The Witnesses swore, with frank error, their flaw
   That the sky was Sam-empty they'd found:
And the Blush kept explaining
                         that Bair's "shock and awe"
Had all WMD sent to ground.

Each Inquiry, with care, was so poorly expressed,
   That they found that the Blush had begun,
And had spoken three times, before everyone guessed
   What the Bair was pretending they'd done.

The Jury had each formed a different view
   (Long before the indictment was read),
And they all spoke as one, as they all of them knew
   Ev'ry half truth the Witnesses said.

'You must know -' said the Judge;
                     but the Blush exclaimed 'Fudge!
Why Nuremberg's obsolete quite!
Let me tell you, my friends,
                     the whole question depends
On my Goldsmith's devalued insight.

'In the case of war-making the Bair would appear
   To have aided, not merely abetted:
While the charge of Insurgency proves, it is clear
   Iraq's chaos to us is indebted.

'The fact of Aggression we cannot dispute;
   But its guilt, as I trust, is removed,
As far as the many dead, costs in this suit,
   By an Alibi never yet proved.

'My Cabinet's fate now depends on your votes.'
   Here Blush-Bair each sat down in his place,
While A Campbell, the Judge sent
                         to check that his notes
   Deniably sexed-down the case.

But the Judge said he never had sexed to excess;
   So the Blush undertook it instead,
And summed it so well that it came to far less
   Than the Witnesses ever had said!

When the verdict was called for, the Jury declined,
   As 'twice guilty' was puzzling to spell;
But they ventured the hope
                   that Blush-Bair wouldn't mind
   Undertaking that duty as well.

So the Pair found the verdict,
                     although, the Blush owned,
   His back scarred with the strains of the day:
When they chimed 'We're not guilty!'
                         the Jury all groaned,
   And the faint-hearted fainted away.

Then the Pair pronounced sentence,
                           the judge being much
   Too honoured to utter a word:
They both rose to their feet, and on TV the hush
   Like the fall of the Beeb might be heard.

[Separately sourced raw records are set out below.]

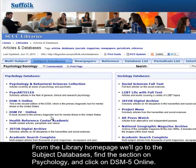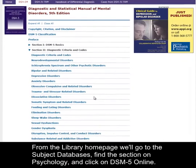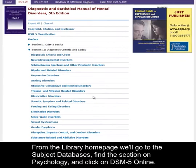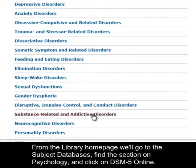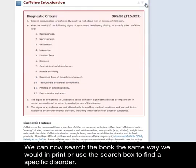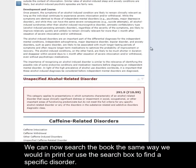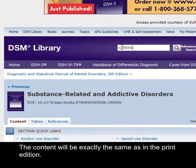From the library homepage, we will go to the subject databases, find the section on psychology, and click on DSM-5 online. We can now search the book the same way we would in print, or use the search box to find a specific disorder. The content will be exactly the same as in the print edition.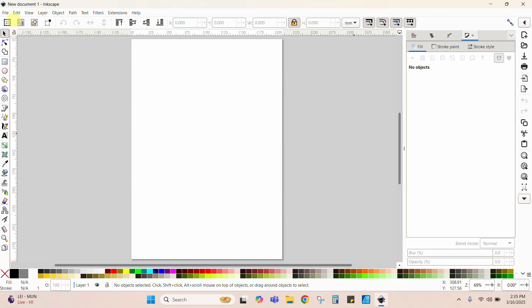Hey guys, Crystal here at Crystal's Crafties. Today's tutorial I'm going to show you how to export files from Inkscape. We're going to export in PNG, JPG, SVG, and PDF.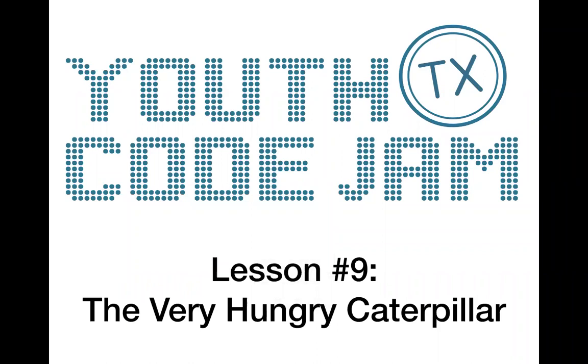All right, good morning and welcome back to Youth Code Jam's online Bits and Bytes Lessons. Today we're going to be working in Scratch again and our activity is inspired by the children's book, The Very Hungry Caterpillar.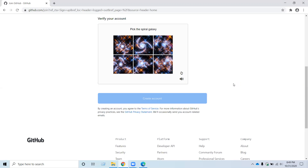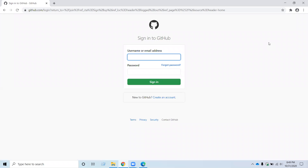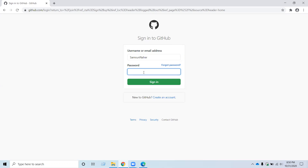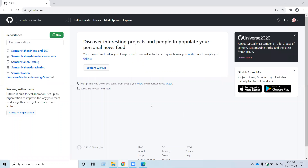I already have a GitHub account, so I am going to click on the sign-in option. I will use my username and my password, and then click on sign-in. Now you have your GitHub account.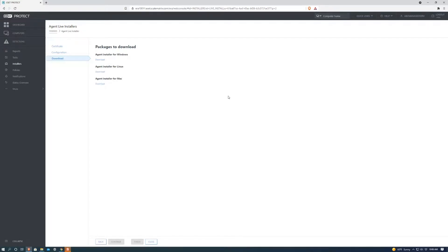Hello everyone, this is Alberto Corona with RayNetworks.com and today I'm going to be showing you how to install your agent live installer after you've created it and downloaded it.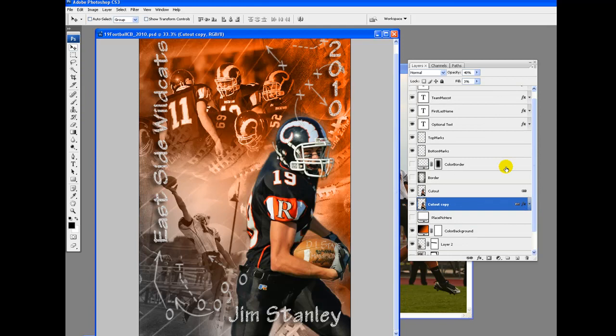Lower the opacity of the layer style. Edit the text so that it has the correct team, mascot, player name and year. Go to file, save as and save as a fully layered PSD file so that it can be edited and used for the next player on the team.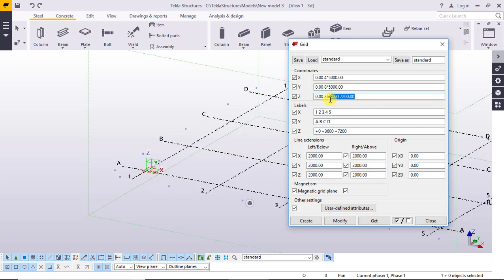Delete all. Six thousand spacing and seven thousand two hundred.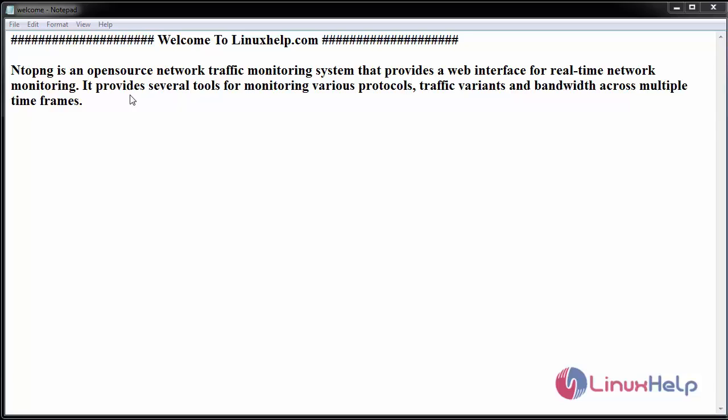Hello everyone, welcome to Linuxhelp.com. Today we're going to see the installation process of NTOP-NG traffic monitoring tool on CentOS 7, which is an open-source network traffic monitoring tool that also provides a web interface for real-time network monitoring.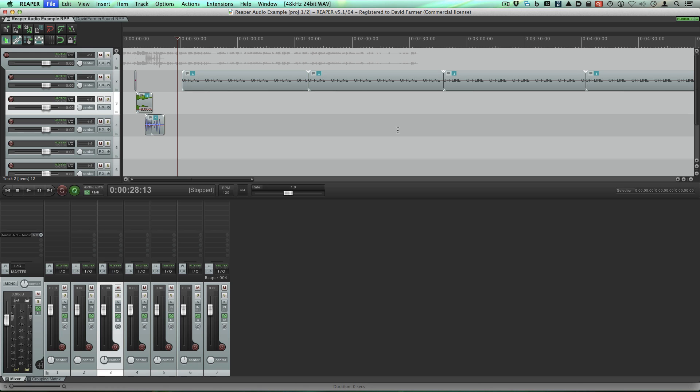Hi guys, Dave Farmer here. Welcome back to the series on Reaper. We're still in the intro phases of the series where we're talking about, for Pro Tools users, trying to get a few things ironed out to make things easier and more like they're used to seeing. Just like in the last video where we moved the re-peak files somewhere to get them out of the way of the session file, the session directory — Reaper also likes to store by default the audio files in the same directory as the re-peak files and the session file.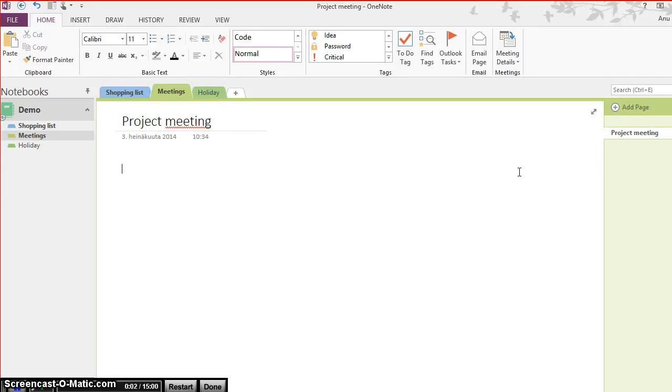I use OneNote a lot to write down meeting minutes at work. Outlook and OneNote work seamlessly together, so I'm able to see all my past and coming appointments in OneNote.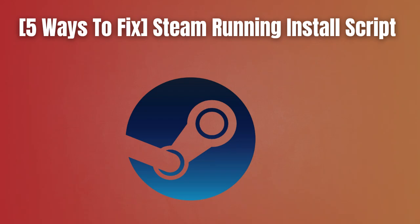Are you getting this error message of Steam running install script? If yes, then watch this video till the end because I am going to give the best solution.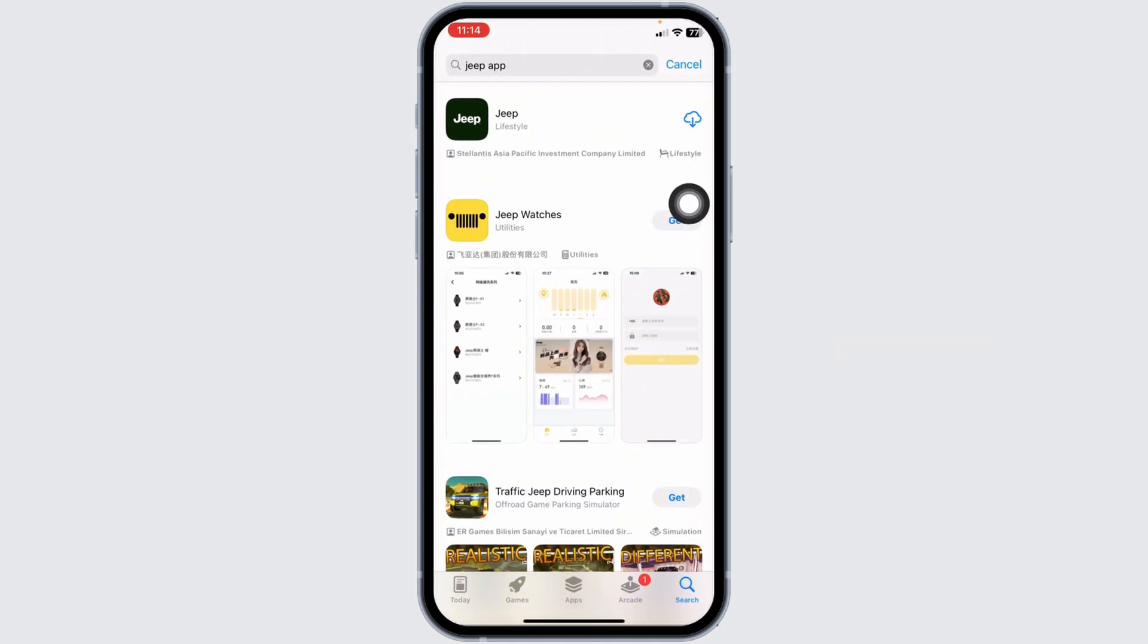Applying these solutions, your problem will be fixed. So, this is how you can fix Jeep app not working.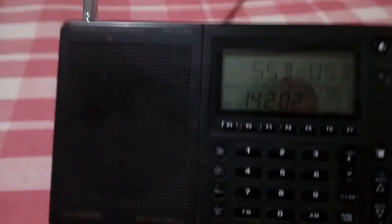14.202 is the frequency, 20 meter band. It's 12 January 2017, and right now time shows 17:40 hours in the evening.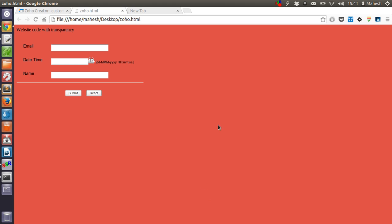So this is our short tutorial on making Zoho Creator forms transparent with the web page background. I hope you have enjoyed this tutorial, and I will see you in the next tutorial. Bye!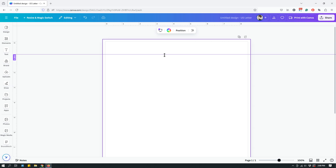Feel free to play around with bleeds and guides to get a hang of how these things work. Once you start using them, I promise you will be using them more and more because they make your design so much better and so much easier to work with complex things. That's it for today's video — I'll see you with a different one sometime soon, bye!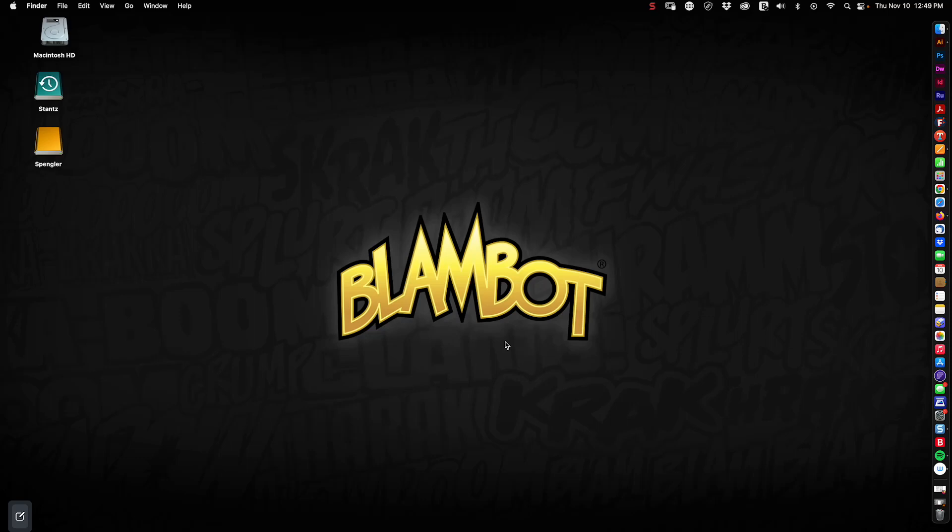Hi folks. It's Nate Picos of Blambot, and I thought I'd talk to you today about a new feature included in the latest version of Illustrator called Intertwine.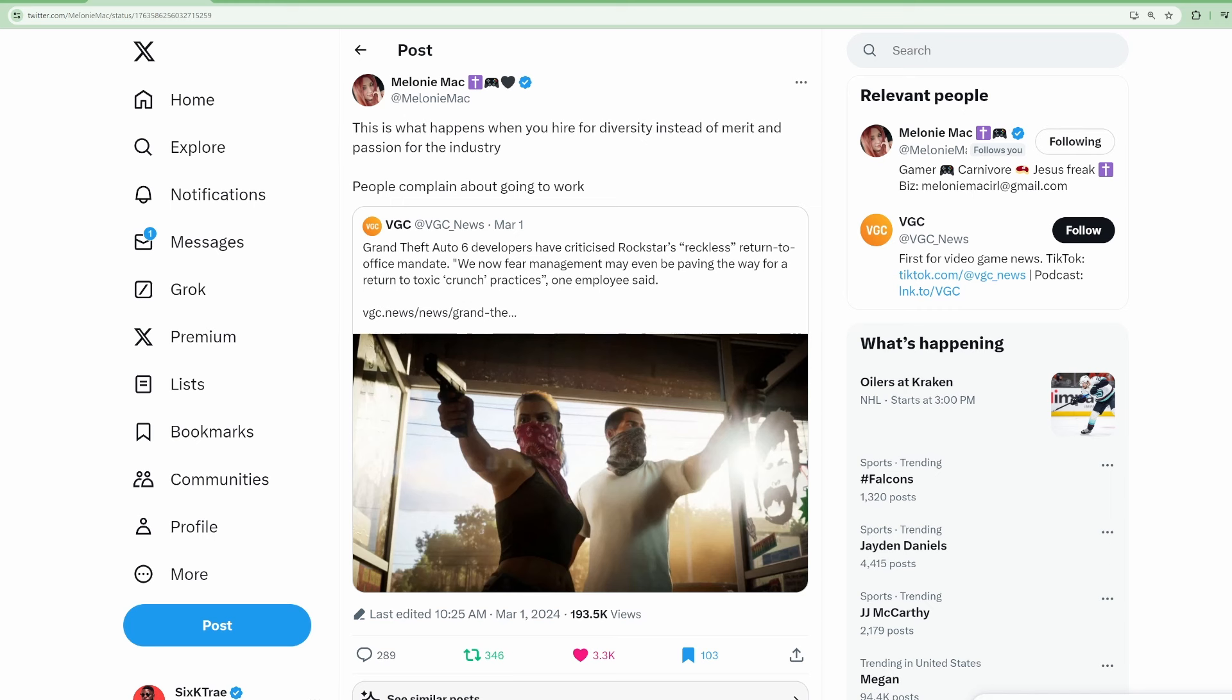Because normally y'all don't like hearing about it, but lately y'all been on it. Melanie Matt tweets out, this is what happens when you hire for diversity instead of merit and passion for the industry. People complain about going to work.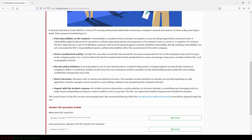Detect intrusions: intrusions refer to system and network intrusions. One example scenario would be an attacker successfully exploiting a web application; another would be a user visiting a malicious site and getting their computer infected. Support with the incident response: an incident can be an observation, a policy violation, an intrusion attempt, or something more damaging such as a major breach. Responding correctly to a severe incident is not easy, and the SOC can support the incident response team to handle the situation.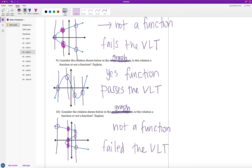That is the end of learning target 4a. So 4a was an introduction to the difference between a relation and a function. Remember, a function is a special type of relation in which every element in the domain goes to exactly one element in the range. We covered how to determine this from coordinate pairs and mapping diagrams, and then how to use the vertical line test to determine whether a graph represents a function or not.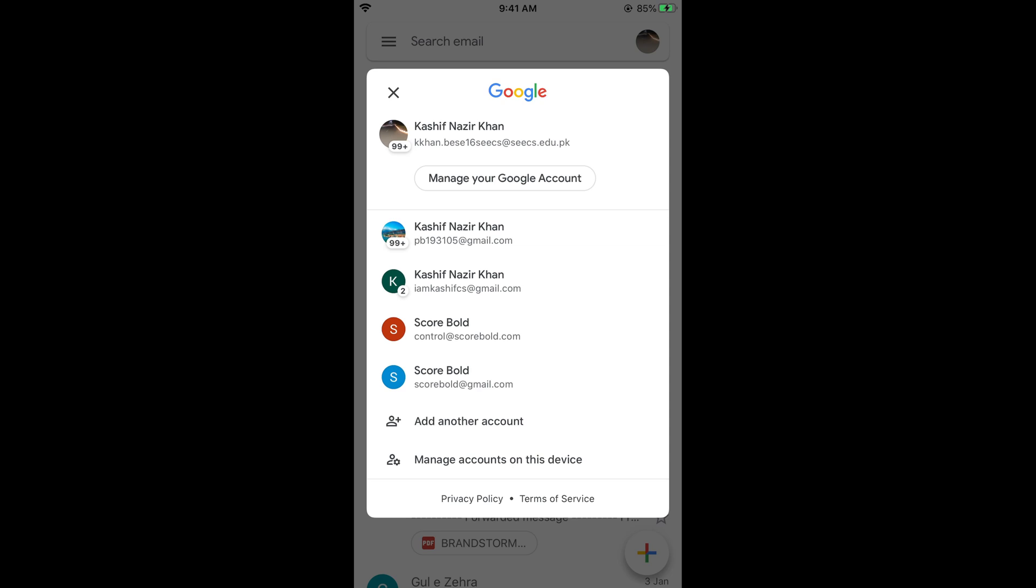Now simply go to your Google account that you want to change the picture of and tap on manage your Google account.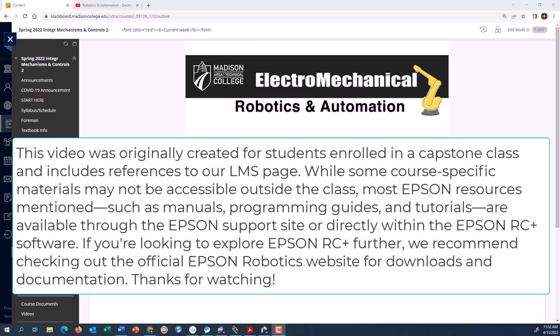Hello, it's Peter. This video is intended to give you advanced information on how to connect an Epson T3 robot to a PLC.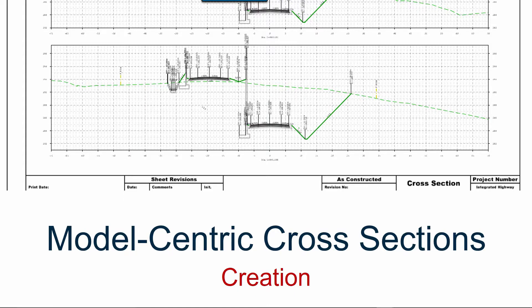Now let's look at cross sections. As we've designed and we've modeled, now let's look at how cross sections can be created from the design model.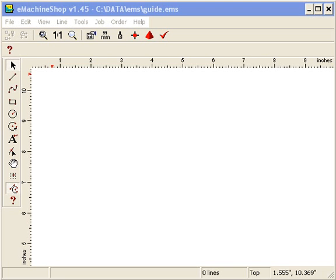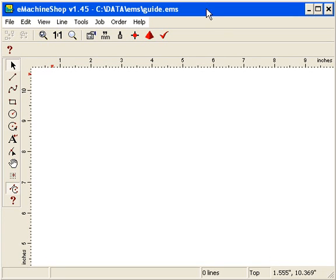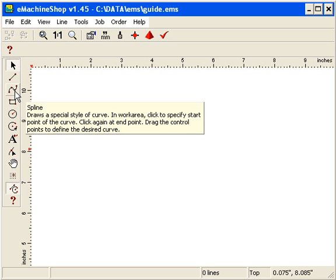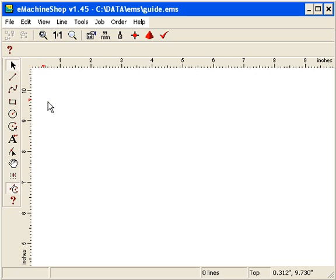In this short video, we'll review the Spline feature. Now, a spline is a curve that you can make a wide variety of shapes from. You might need a spline, for example, if you decide to build a guitar.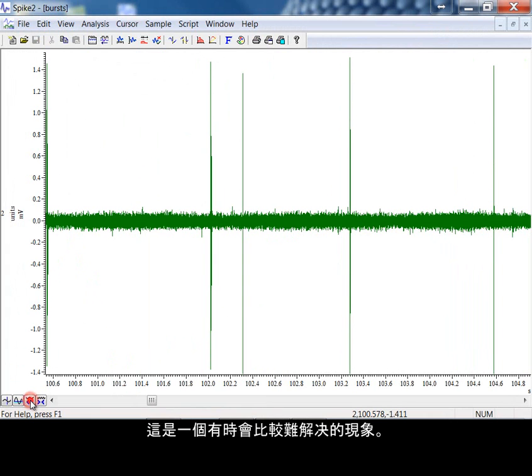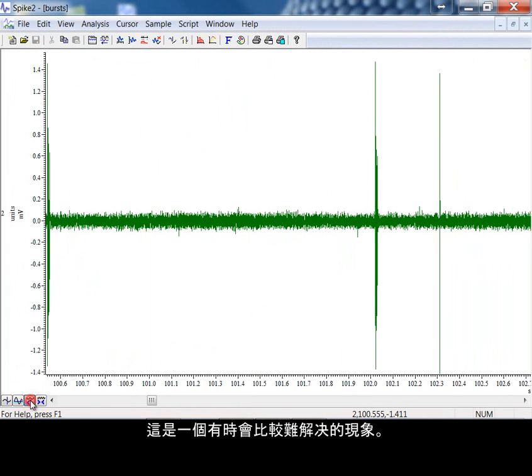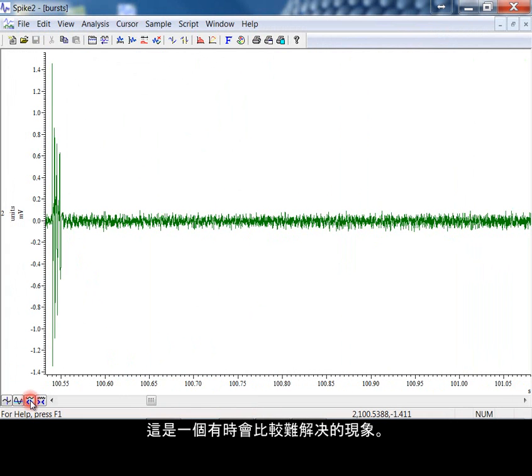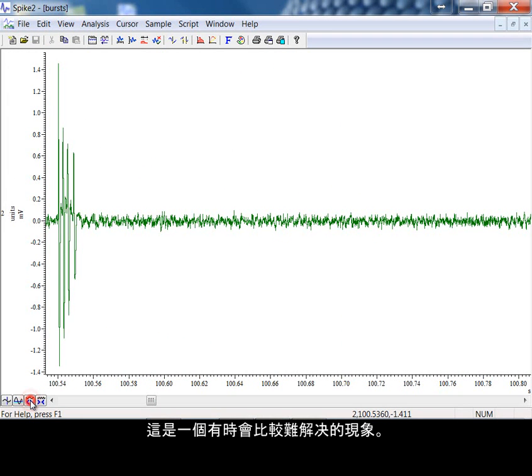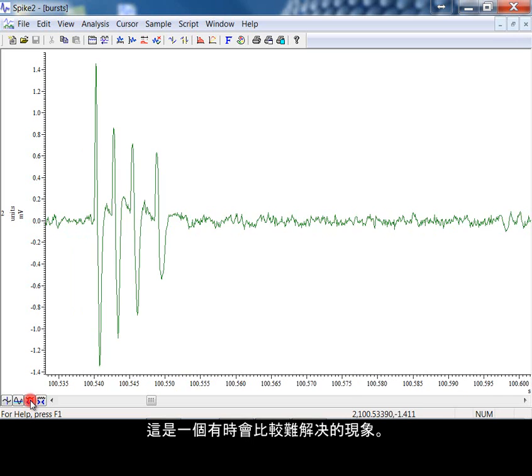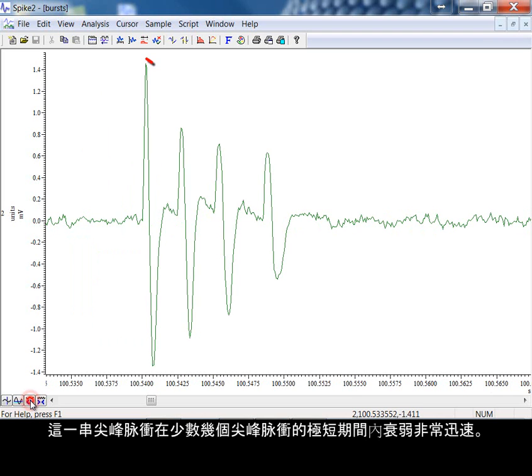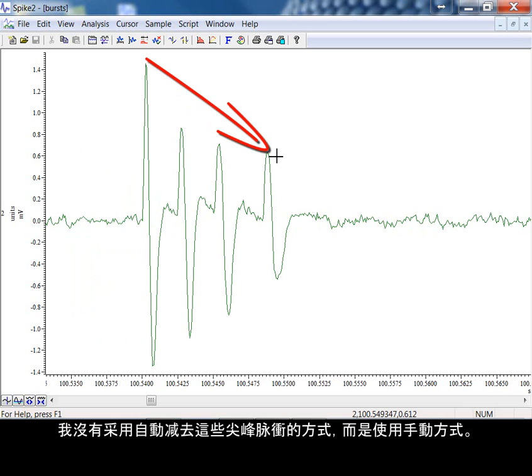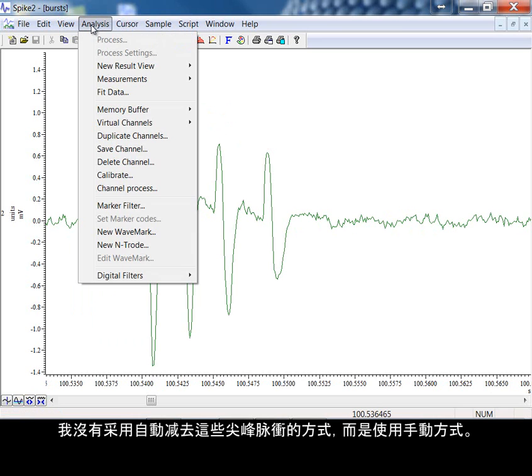One sometimes difficult to resolve situation is shown here. These bursts of spikes are decaying quite rapidly over a very short number of spikes. Instead of trying to automate the extraction of these spikes, I'm going to use a manual method.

'To be whitewashed for life'
                   was the sentence they gave,
   'And Iraq fined millions of pounds.'
The Jury broke down, but the Judge (one G Brown)
   Thought it never as bad as it sounds.

For their rash expectation had surely been checked
   As the UN informed them, with tears,
A true verdict would have not the slightest effect,
   As justice had been dead for some years.

Then the Judge left the Court, looking deeply relieved;
   But Blush-Bair, with triumph still smirking,
As the briefs who alone their defence had believed,
   Thought it best to carry on lurking.

Thus the Jury all dreamed,
                 while the foul escape seemed
   To shamefully grow every day;
Till all woke to the knell of a higher court's bell,
   That would toll the Pair's black souls away.